D’un point de vue méthodologique, Selting (1995) procède de la façon suivante : elle observe d’abord les éléments distinctifs selon leur niveau de description pour les intégrer dans un deuxième temps dans une description générale. Pour clarifier cette méthode, nous présenterons deux études qui l’appliquent.

Premièrement, la description faite par Studer (1998) du style communicatif d’un groupe de jeunes apprentis est intéressante en ce qui concerne les difficultés méthodologiques. Son travail commence par des analyses détaillées des aspects linguistiques isolés tels que la longueur des consonnes et des voyelles, des pratiques morphologiques, syntaxiques et lexicales sans qu’il puisse y trouver de particularités surprenantes par rapport à l’emploi commun (1998 : 200). Dans un deuxième temps, Studer montre par une analyse pragmatique comment certains traits caractéristiques se traduisent dans les interactions des jeunes et s’expriment par le langage. Il appelle ces traits des tendances de style (Stiltendenzen, Studer, 1998 : 202). Parmi les tendances de style caractéristiques des apprentis, il cite le manque d’assurance (Unsicherheit), le fait de surenchérir positivement ou négativement (positive und negative Verstärkung), la dynamisation (Dynamisierung) et la distanciation (Distanzierung).28 Studer les caractérise de façon générale et leur attribue des marques linguistiques, par exemple (1998 : 202) :

Tendance de style Caractérisation Marques linguistiques
Le manque d’assurance Le fait de relativiser ses propres paroles, d’être indirect, indéfini Des particules exprimant l’incertitude, des mots de commentaire, des fragments de mots, des anacoluthes, des répétitions, des séquences

Traduction :

Stiltendenzen Charakterisierung Sprachliche Merkmale
Unsicherheit Selbstrelativierung, Indirektheit, Unbestimmtheit Unsicherheitspartikel, Kommentarwörter, Wortfragmente, Anakoluthe, Wiederholungen, Reihungen

Sur l’ensemble de cette étude, l’auteur ne parvient malheureusement pas à combiner ses descriptions linguistiques strictu senso de la première partie avec l’analyse pragmatique menée dans la deuxième partie. Tandis que son analyse pragmatique lui permet de très bien discerner les particularités qui caractérisent le style des interlocuteurs, les résultats de la description linguistique demeurent isolés du reste. Bien que cela s’explique en partie par le double objectif (implicite) de son travail qui cherche à décrire à la fois des particularités linguistiques des jeunes et le style communicatif d’un groupe précis, le procédé de l’auteur montre le défi que représente l’approche méthodologique pour l’analyse des styles communicatifs : les diverses structures linguistiques et communicatives pertinentes discernées doivent toutes être relatives à un même style. Autrement dit, tout style est le conglomérat des pratiques langagières observées.
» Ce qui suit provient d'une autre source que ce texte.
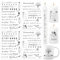 BETESSIN 4x Kerzen Tattoos Folie Trauer Sprüche Kerzentattoo Kerzenfolie Sticker Kerzensprüche Schwarz Kerzensticker Trauerlicht Stabkerzen Kleine Kerzen Tasse Dekoration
Kallmeyer et Keim (2003) se concentrent sur la construction du style social 29 d’un groupe de jeunes filles d’origine turque vivant en Allemagne. Grâce à leur analyse sociolinguistique basée sur des études ethnographiques, ils jugent les paramètres suivants essentiels pour la construction de leur style :

Leur analyse tient compte des trois niveaux de recherche : d’un niveau linguistique, plus précisément sémantique, des différents types de formulation et des règles d’organisation de la conversation. Ce qui frappe, c’est le lien étroit entre les moyens linguistiques et le contexte social. Chaque indice perçu contribue à définir le (style du) groupe. Leur analyse montre que le trait pertinent du style de ce groupe réside dans la « high variability, the forms of combining different variation patterns, and the density of their use » (Kallmeyer & Keim, 2003 : 42). C’est donc moins des indices langagiers précis et particuliers qui caractérisent le groupe que la pratique consistant à mélanger et à varier les langues. De cette manière, les filles expriment, selon les auteurs de l’étude, leur situation sociale complexe entre deux langues et deux cultures et le fait qu’elles ne s’identifient ni à l’une ni à l’autre.

De façon générale, « le style communicatif est la façon socialement pertinente d’accomplir une action au moyen d’un texte ou dans le cadre interactif d’une conversation » 31 (Sandig, 1995 : 28). Style et contexte doivent être caractérisés, en situation interactionnelle, comme interdépendants (Selting, 1997 : 12). Par conséquent, une analyse stylistique doit chercher à montrer l’interaction et l’interdépendance entre le contexte et les façons de parler et de communiquer.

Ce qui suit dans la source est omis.